Sinneswahrnehmung
Aus zwei mach eins
Ob ein Gegenstand nass oder trocken, rau oder glatt, hart oder weich ist, erfahren wir über unseren Tastsinn. Gleichzeitig erkennt das Gehirn, dass die frisch gefüllte Kaffeetasse sich nicht nur glatt, sondern auch warm anfühlt. Doch wie funktioniert die gleichzeitige Verarbeitung von Berührung und Temperatur im Gehirn?
In drei Phasen geht Poulet dem bisher ungelösten Rätsel der Wahrnehmungsverbindungen auf den Grund.
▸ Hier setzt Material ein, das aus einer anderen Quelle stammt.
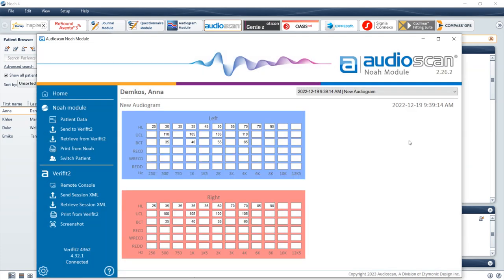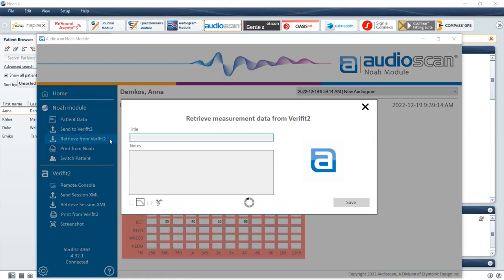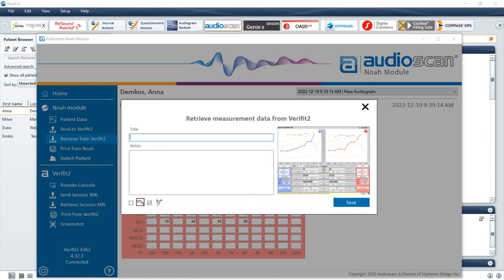Once you have measured tests you would like to store in the AudioScan NOAA module, select the Retrieve from Verifit 2 button to pull the data from the AudioScan product, along with an image of the current screen. A preview window will display with fields for entering an individualized title for the data file and/or adding notes that will be saved into the module.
Zunächst will er herausfinden, welche neuronalen Schaltkreise die thermalen und haptischen Reize verarbeiten. Dafür lokalisiert er die verantwortlichen "Nervenzell-Netzwerke", um sie in einer Art Landkarte darstellen zu können - denn Poulet will wissen, welche Regionen im Gehirn bei welcher Empfindung angesprochen werden und welche Neuronen daran beteiligt sind.
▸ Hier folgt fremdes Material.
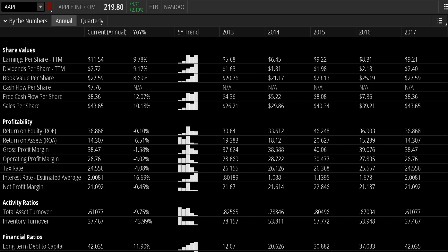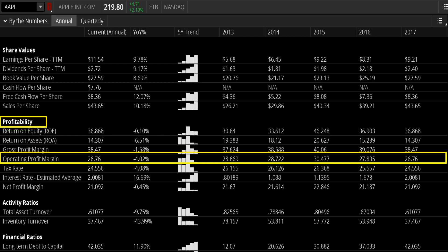Here's an example of Apple computers, looking at their profitability metrics. You can see their operating profit margin here. Their current annual operating profit margin is 26.76, which is down 4.02% year over year. If you study the numbers from 2013 through 2017, you can see that they've been having a steady decrease in their operating profit margin from 2015 to present date.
In einem zweiten Schritt geht es darum, den aktiven Prozess der Wahrnehmung zu verfolgen. Dazu trainieren Poulet und sein Team Mäusen an, mit ihrer Vorderpfote einen Hebel zu berühren, sobald sie beim Betasten eines Objektes auch Kälte wahrnehmen. "Mäuse haben eine besonders gute Empfindung, wenn es um Temperaturdifferenzen geht", erklärt der Neurowissenschaftler. "Sie können selbst einen Wärmeunterschied von nur einem halben Grad erkennen, was dem Temperaturbewusstsein eines Menschen ähnelt." Die Forscher beobachten, welche Nervenzellen in der Großhirnrinde - dem Kortex - den thermischen mit dem haptischen Reiz verbinden, wenn die Mäuse den Temperaturwechsel signalisieren.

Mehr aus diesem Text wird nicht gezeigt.